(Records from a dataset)
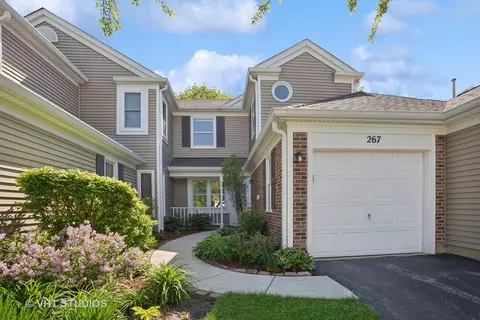 267 Greensboro Ct, Elk Grove Village, IL 60007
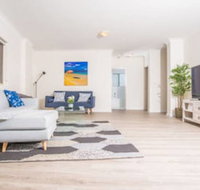 Convenient Rockdale Apartment Next To Station  Beach - ACT Tourism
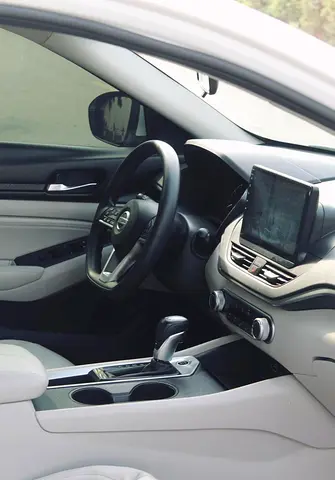 صورة 16 لـ 2020 Nissan ALTIMA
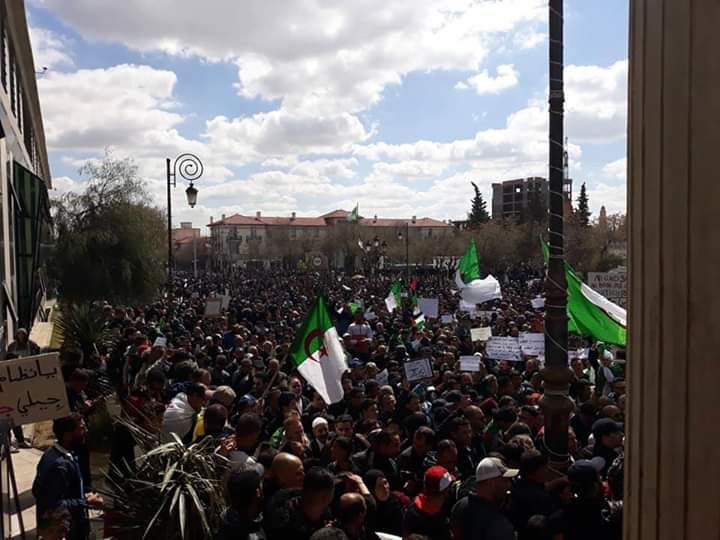 ObservAlgerie's tweet photo. Marche du #29_Mars : Sétif en ce moment.
⠀
➡️➡️Suivez le direct : https://t.co/btauWlSAPb⠀
#Algérie #Alger #حراك_29_مارس #الماده_102 #102_de_la_constitusion #Bouteflika #Gaid_Salah #manifestation https://t.co/ZrgjmfbdXs
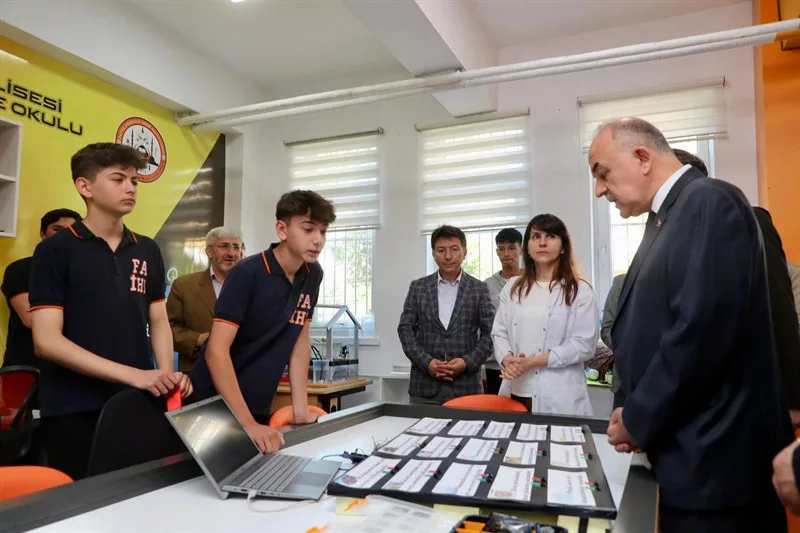 Vali Erol, Fatsa Melih Koç Anaokulu ve Fatsa AİHL Atölye Açılış Programına Katıldı 10 10 jpg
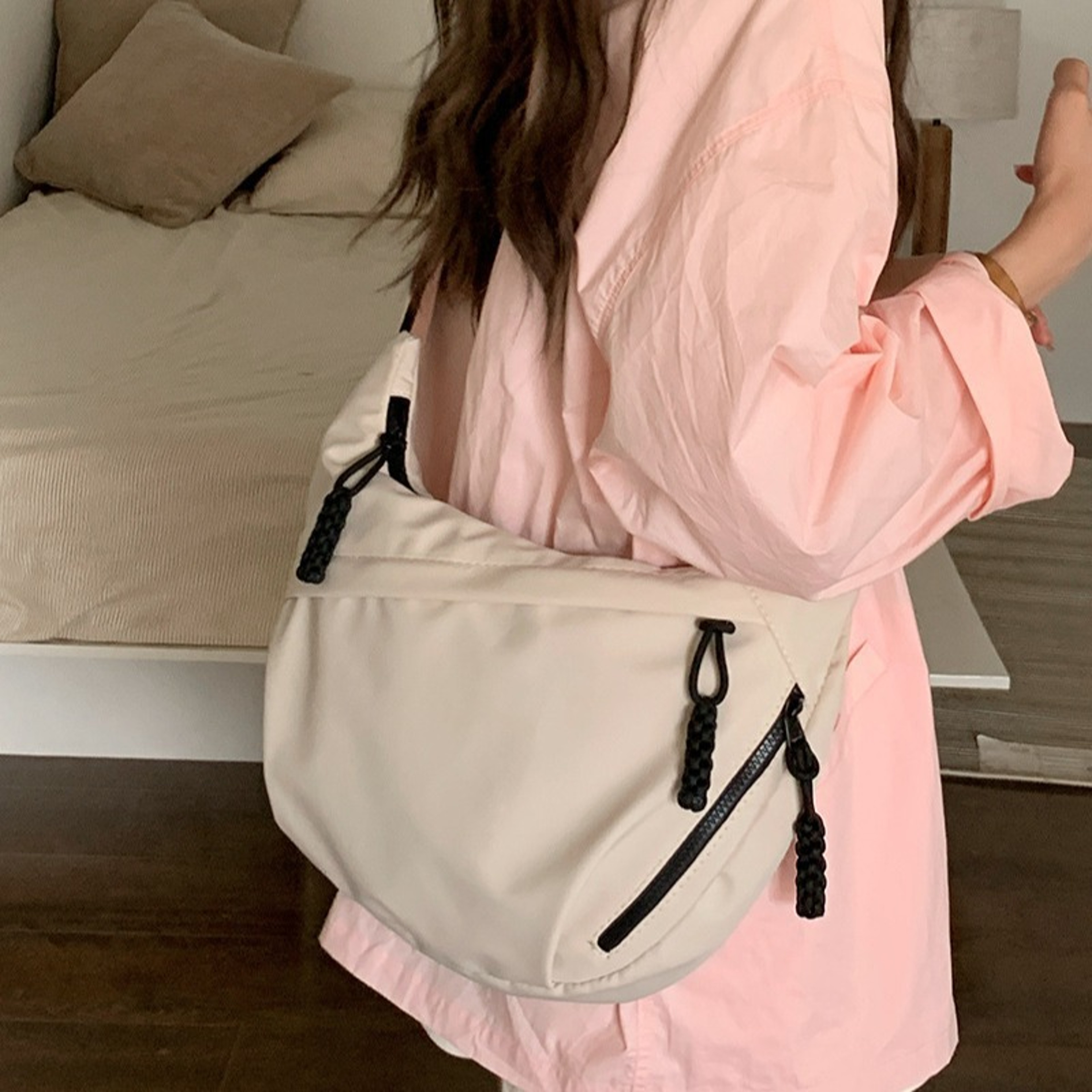 Large Capacity Nylon Crossbody Bag Lightweight Casual Sports Shoulder Bag for Commuting and Everyday Use – view 1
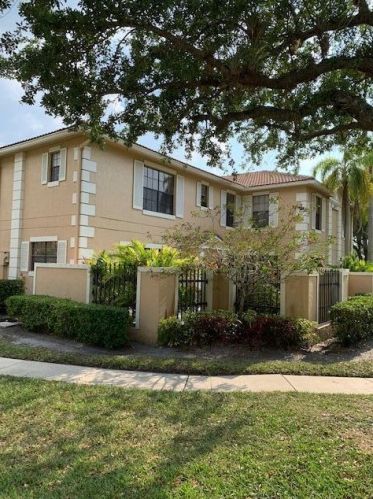 357 Prestwick Cir, West Palm Beach, FL 33418-8417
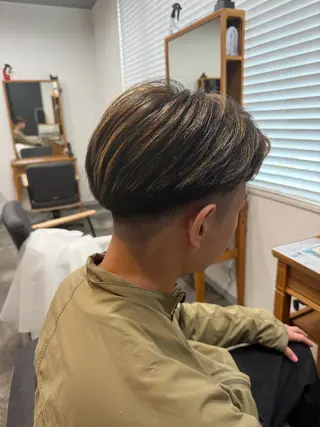 ショート カラー メンズ Meteor 店長 祝田涼太のヘアスタイル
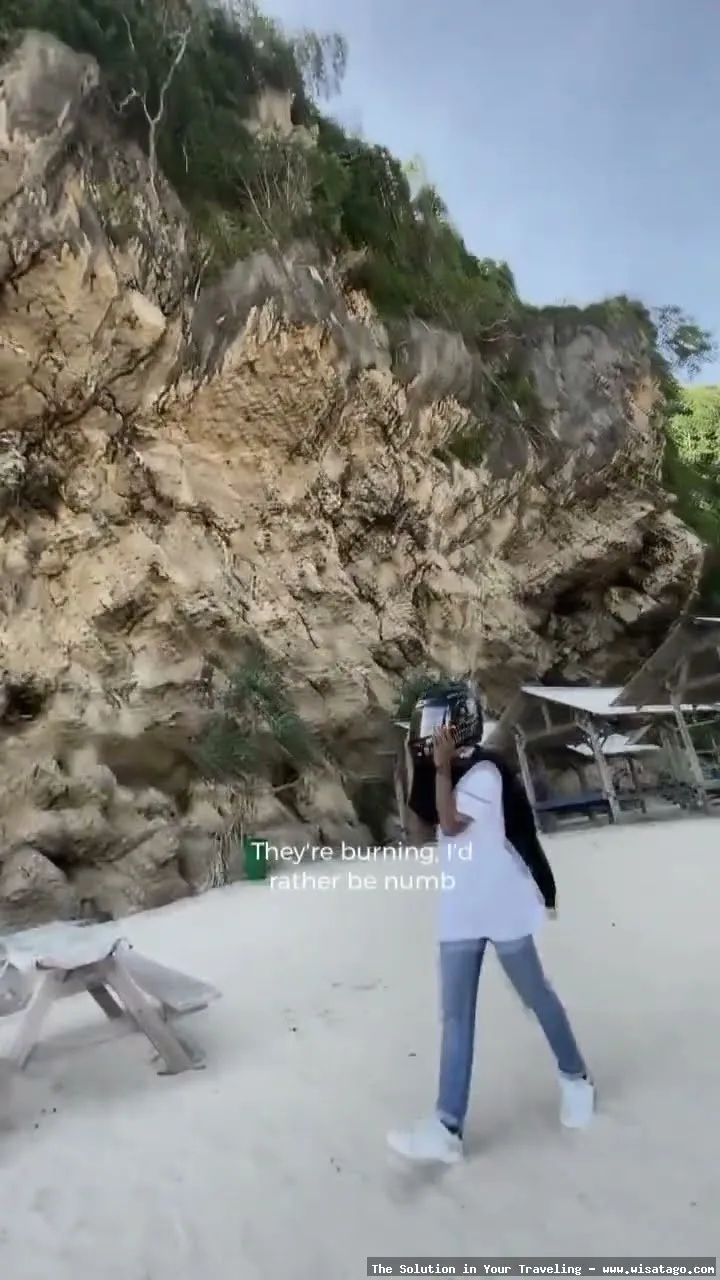 Pantai Tebing Lampuuk, pemandangan memukau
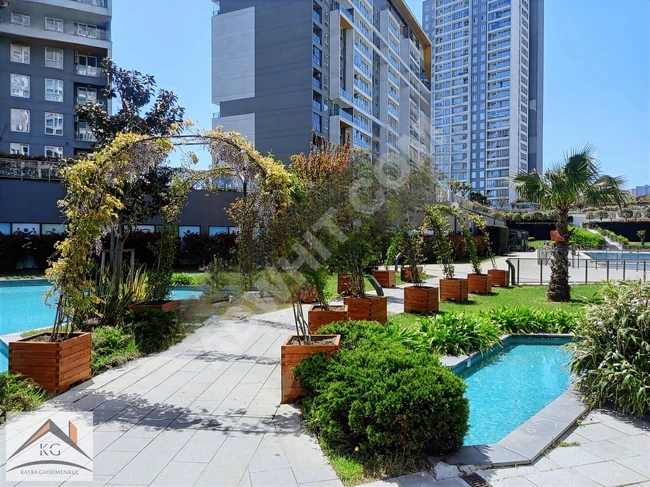 Bahçeşehir Göl Panorama Sitesinde Full Tadilatlı Eşyalı 1+1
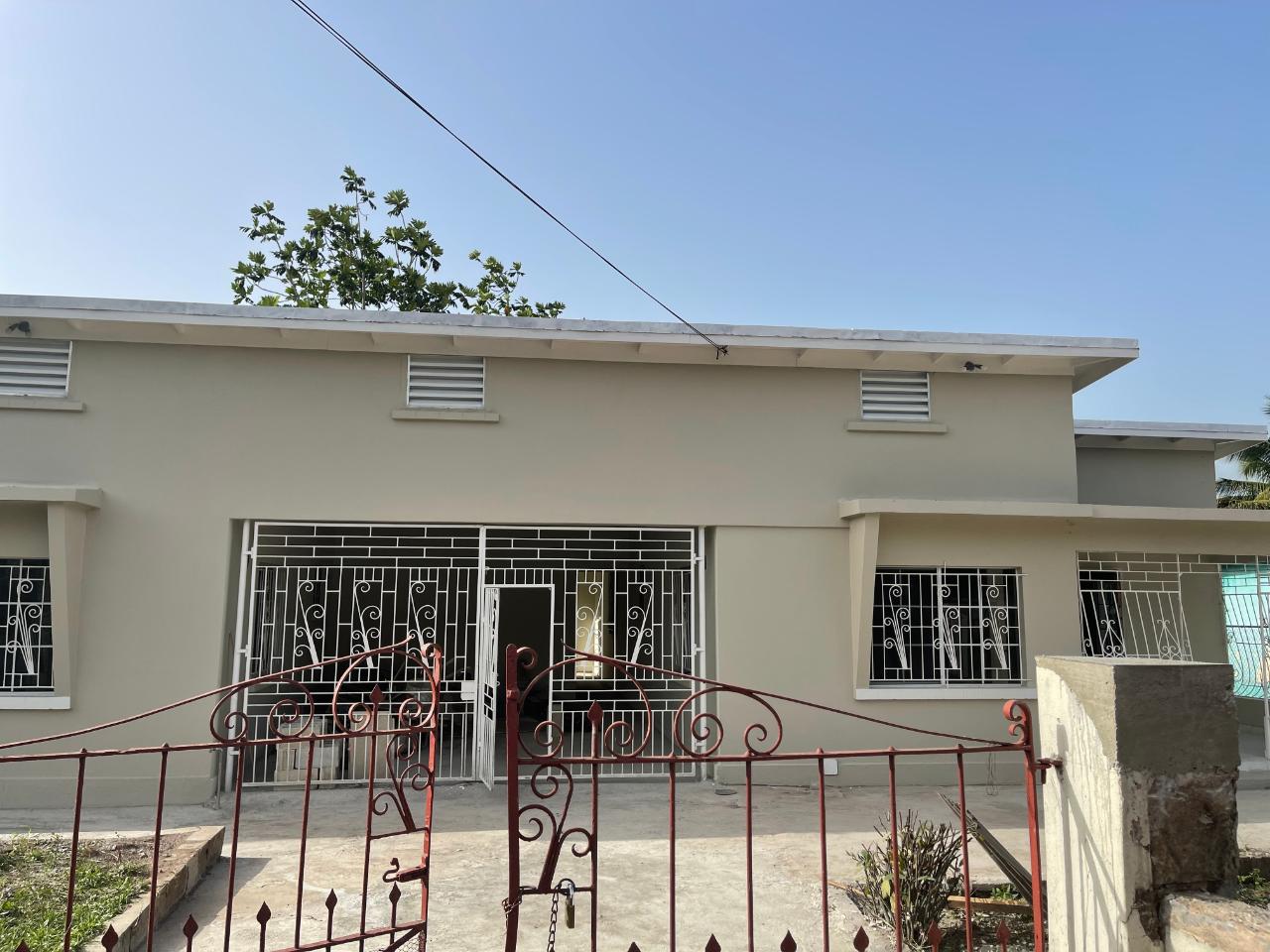 House For Rent FLETCHERS AVENUE, Linstead 20,000 Keez
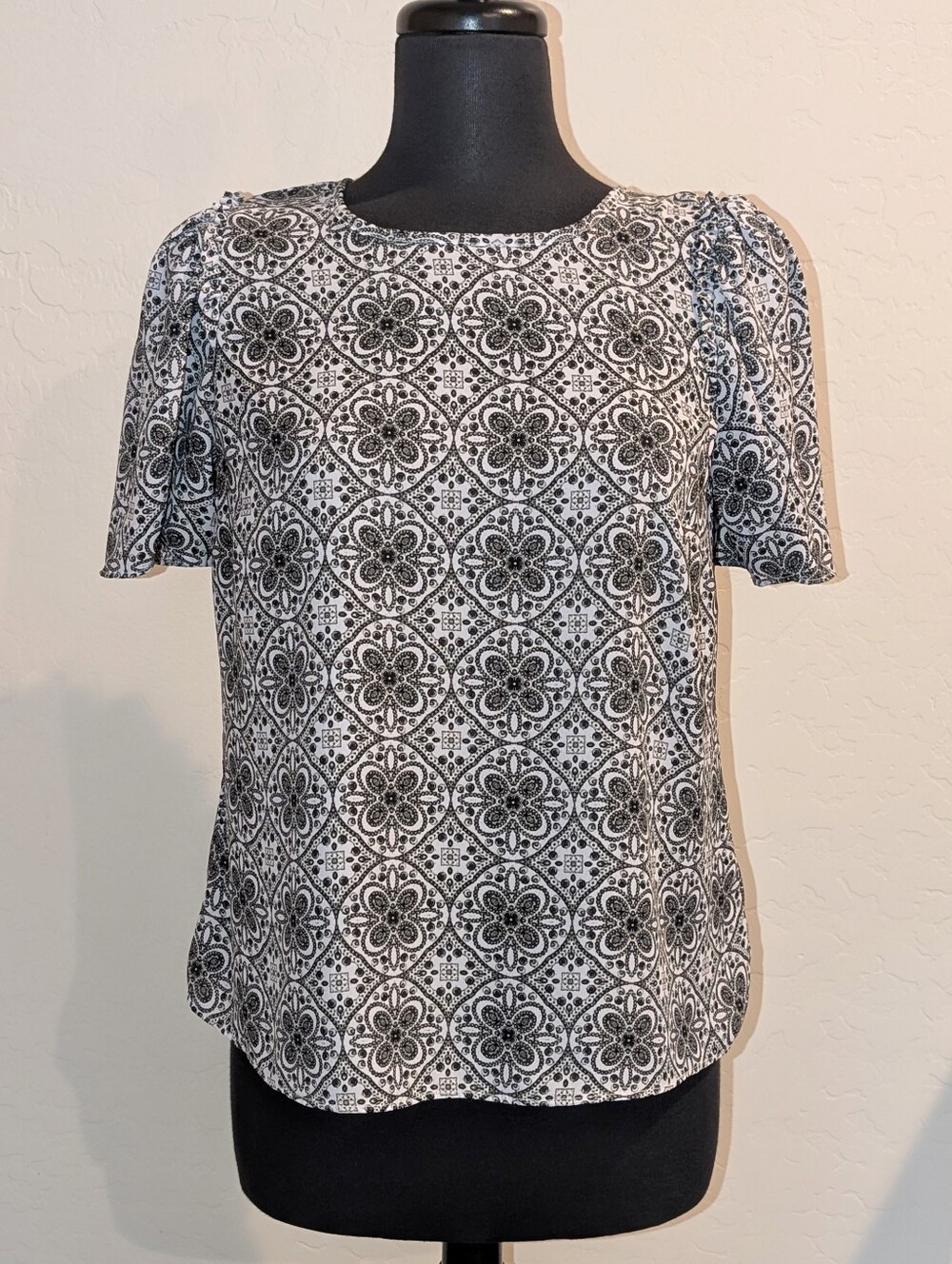 Worthington Petite Black And White Pattern Semi Sheer Blouse Top Size PM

* _BRIEF_
A word-for-word copy of the records is required. Leave out every picture.

* _SOLVED PROBLEM_
 267 Greensboro Ct, Elk Grove Village, IL 60007
 Convenient Rockdale Apartment Next To Station  Beach - ACT Tourism
 صورة 16 لـ 2020 Nissan ALTIMA
 ObservAlgerie's tweet photo. Marche du #29_Mars : Sétif en ce moment.
⠀
➡️➡️Suivez le direct : https://t.co/btauWlSAPb⠀
#Algérie #Alger #حراك_29_مارس #الماده_102 #102_de_la_constitusion #Bouteflika #Gaid_Salah #manifestation https://t.co/ZrgjmfbdXs
 Vali Erol, Fatsa Melih Koç Anaokulu ve Fatsa AİHL Atölye Açılış Programına Katıldı 10 10 jpg
 Large Capacity Nylon Crossbody Bag Lightweight Casual Sports Shoulder Bag for Commuting and Everyday Use – view 1
 357 Prestwick Cir, West Palm Beach, FL 33418-8417
 ショート カラー メンズ Meteor 店長 祝田涼太のヘアスタイル
 Pantai Tebing Lampuuk, pemandangan memukau
 Bahçeşehir Göl Panorama Sitesinde Full Tadilatlı Eşyalı 1+1
 House For Rent FLETCHERS AVENUE, Linstead 20,000 Keez
 Worthington Petite Black And White Pattern Semi Sheer Blouse Top Size PM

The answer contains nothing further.